Gladier - A programmable data capture, storage, and analysis architecture for experimental facilities.pdf.pdf (2.03 MB)Download file
Gladier - A programmable data capture, storage, and analysis architecture for experimental facilities
presentationposted on 2021-02-26, 00:08 authored by Kyle ChardKyle Chard, Ian FosterIan Foster
ABSTRACT / INTRODUCTION
The extraordinary volume and velocity of data produced by scientific instruments presents new challenges to efficiently organize, process, and share data without overburdening researchers. To address these needs we are developing Gladier (Globus Architecture for Data-Intensive Experimental Research), a data architecture that enables the rapid development of customized data capture, storage, and analysis solutions for experimental facilities. We have deployed a Gladier at Argonne’s Advanced Photon Source (APS) and Leadership Computing Facility (ALCF) to enable various solutions, including: delivery of data produced during tomographic experiments to remote collaborators; capture, analysis, and cataloging of data from Xray Photon Correlation Spectroscopy (XPCS) experiments; and feedback based on analysis of data from serial synchrotron crystallography (SSX) experiments to guide data acquisition.
The Gladier architecture leverages a data/computing substrate based on data and compute agents deployed across computer and storage systems at APS, ALCF, and elsewhere, all managed by cloudhosted Globus services. All components are supported by the Globus Auth identity and access management platform to enable single sign on and secure interactions between components. This substrate makes it easy for programmers to route data and compute requests to different storage systems and computers. Other services support the definition and management of flows that coordinate data transfer, analysis, cataloging, and other activities associated with experimental activities. Each service can be accessed via REST APIs, and/or from Python via a simple client library (which calls the REST APIs). Scientists can then develop experiment-specific data solutions by coding to these APIs or library—or reuse or adapt solutions developed by others. Importantly, both the overall architecture and specific solutions can easily be replicated at other institutions and extended to provide additional capabilities.
We describe three examples to illustrate how Gladier can be used to implement powerful data collection, analysis, and cataloging capabilities.
1. DMagic: Automated data delivery to experimentalists. The DMagic system uses a combination of Globus APIs and APS administrative APIs to 1) automatically create and configure shared storage space on the ALCF Petrel data service before an experiment begins; and 2) automatically copy over experimental data from the beamline to Petrel storage as they are produced during the experiment.

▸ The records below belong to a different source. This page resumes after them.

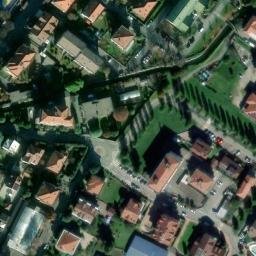 Mappa satellitare VIA BESSANESE, Ciriè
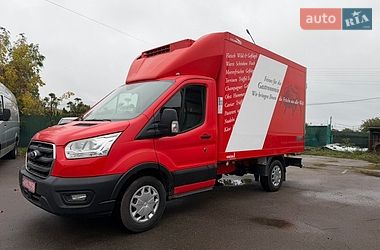 Рефрижератор Ford Transit 2021 в Нововолынске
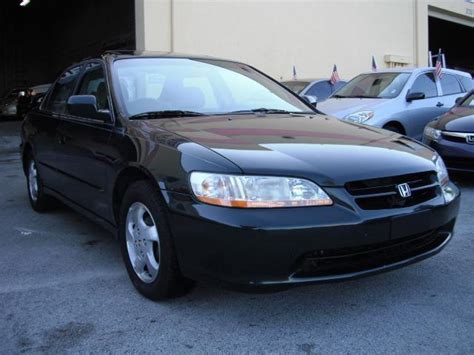 1999 Honda Accords For Sale
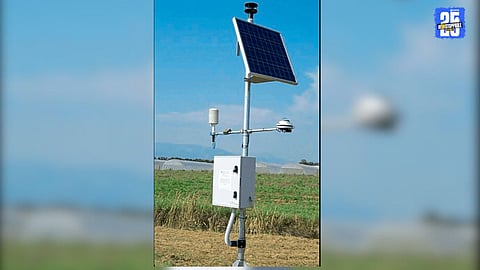 Weather Data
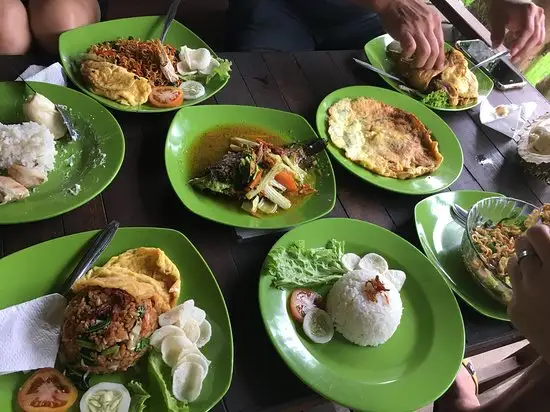 Gambar Makanan Warung Pondok Bali 8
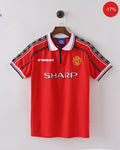 Manchester United Home Kit | 1998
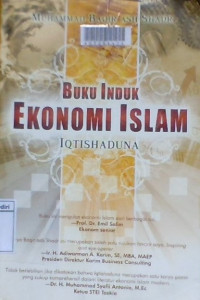 Image of Buku Induk Ekonomi Islam Iqtishaduna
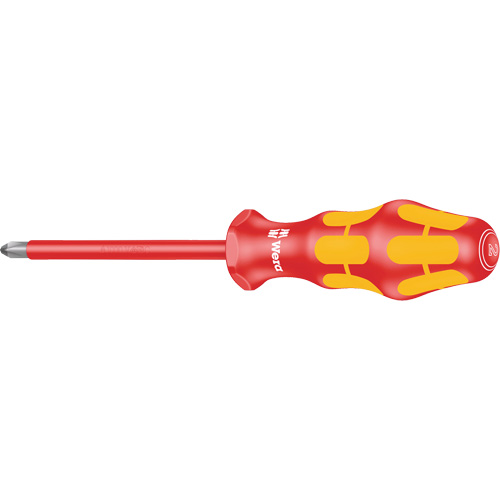 Insulated Phillips Slotted Screwdriver Equipment World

2. XPCS data collection, analysis, and cataloguing. This example uses Globus Automate to automatically collect data at an XPCS experiment, transfer the data to an HPC computer for processing, and then load processed data into a catalog, from where it can be searched and retrieved by authorized individuals 3. Rapid feedback for SSX experiments. This example guides SSX experiments by generating statistics and images of the sample being processed and providing them to the scientists in near real-time. These results can then be used to determine whether enough data have been collected for a sample, whether a second sample is needed to produce suitable statistics, or whether the sample is producing enough data to warrant continued processing.
In this talk we will present the Gladier architecture, highlight the major components used in the architecture, discuss three example data solutions deployed at APS and ALCF, and describe how the Gladier architecture can be replicated in other environments.
ABOUT THE AUTHOR
Kyle Chard is a Research Assistant Professor in the Department of Computer Science at the University of Chicago. He also holds a joint appointment at Argonne National Laboratory. His research focuses on a broad range of problems in data-intensive computing and research data management. He leads various projects related to distributed and parallel computing, scientific reproducibility, research automation, and costaware use of cloud infrastructure.
Ian Foster is the Director of Argonne’s Data Science and Learning Division, Argonne Senior Scientist and Distinguished Fellow, and the Arthur Holly Compton Distinguished Service Professor of Computer Science at the University of Chicago. Foster’s research contributions span highperformance computing, distributed systems, and data-driven discovery. He has published hundreds of scientific papers and eight books on these and other topics. Methods and software developed under his leadership underpin many large national and international cyberinfrastructures.